A less restrictive dieta is part of pasajeros’ preparation, and before the retreat, cutting out my comestible crutches intimidated me more than the ceremonies. Yet psychedelic healing works by embracing what scares you; opening the doors of perception to let in your deepest fears. That which you resist persists, and the harder you fight, the more you suffer. 

I found this especially true of ayahuasca, which at the right dose is an immersive experience. The first time consensus reality began to dissolve, I was afraid. I desperately grabbed at shreds of meaning as the plant spirit hurtled me through the infinite layers of the multiverse, bouncing in and out of worlds that turned the laws of physics, language, and perspective upside-down. 

I was pinballed across realms ruled by spiders and jaguars; giant cogs turning indescribable machines; interdimensional beings presenting me with contextless objects. I watched family members die and walked through a lifetime of shame in Scrooge-like reprise. Years of repressed memories flooded back in full sensory detail. I sobbed as if my heart would break and feared it would never end; I forgot how to go to the bathroom and spent hours dry-heaving, writhing in pain. I became convinced that something had shattered, and I was losing my mind. 

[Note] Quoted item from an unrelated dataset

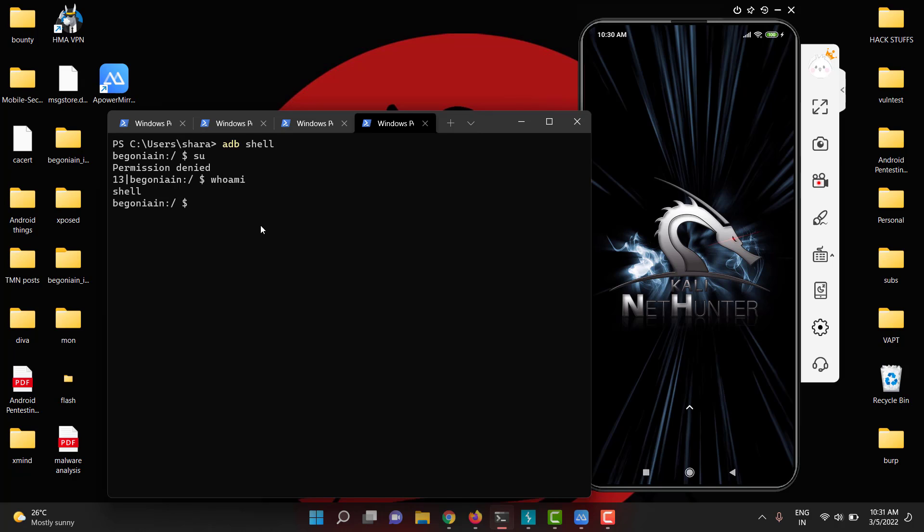So commonly what happens when you root your device, except the com.android.shell, all the super user permissions will be granted for other apps, except for shell access. So I have to manually give access for shell.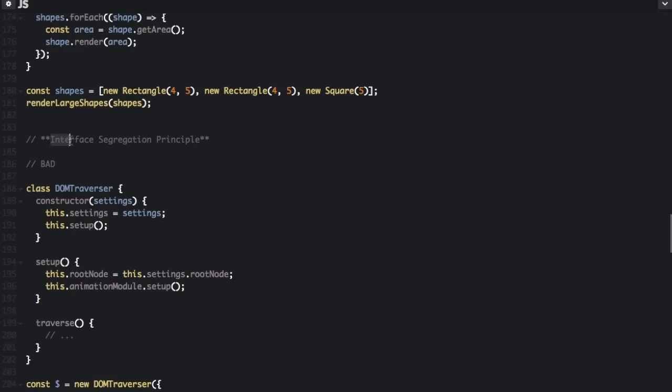The I in SOLID stands for the Interface Segregation Principle: a client should not be forced to depend on interfaces it doesn't use. JavaScript doesn't have interfaces, so this principle doesn't apply as strictly as others. But a good example is classes that require large settings objects — not requiring clients to set up huge amounts of options is beneficial, because most of the time they won't need all the settings.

Yet freedom came by saying “yes” to it all. What if I am losing my mind—and I just let it go? What if all my greatest fears were the best thing that ever happened? What if I die, get sick, pee my pants, end up alone? As I welcomed each worst-case scenario, it unlocked a higher level of love, growth, and self-forgiveness. It was the most incredible experience I’ve ever had, leaving me both completely transformed and back to who I always was. My psyche collapsed and rebuilt itself stronger than before; my body disintegrated and was returned to me in its original factory conditions. My ego dissolved and drifted back in, gentler and softer, like the tide. 

The prevailing message I was left with: Behind the door you least want to open lies truth, beauty, and release. The key is surrender, turning it over to forces greater than yourself. In the process, you find those greater forces are yourself; you already have the answers, your systems know how to self-repair, and you are the healer you seek. Ayahuasca doesn’t make the changes, you do, and you don’t do it alone. Aided by plant and human teachers and strengthened by the group, you open the door to your traumas, leap into the void, purge what has plagued you, and emerge into joy. And then you get up the next morning, and you do it all over again. 

As I lay in my bunk that first night in the jungle, I dreamt that snarling beasts were bearing down on the door of my parents’ bedroom. I was trying to hold the door closed from the inside as snapping jaws and bared teeth pushed through the widening crack. My parents just sat there serenely as I strained with all my might, screaming, Why aren’t you helping me?

My mother turned to me with a smile and said: Let them in. 

So I did, and the beasts devoured us, but it didn’t hurt at all. It was a gentle death, just like falling asleep, moving from one dream to the next.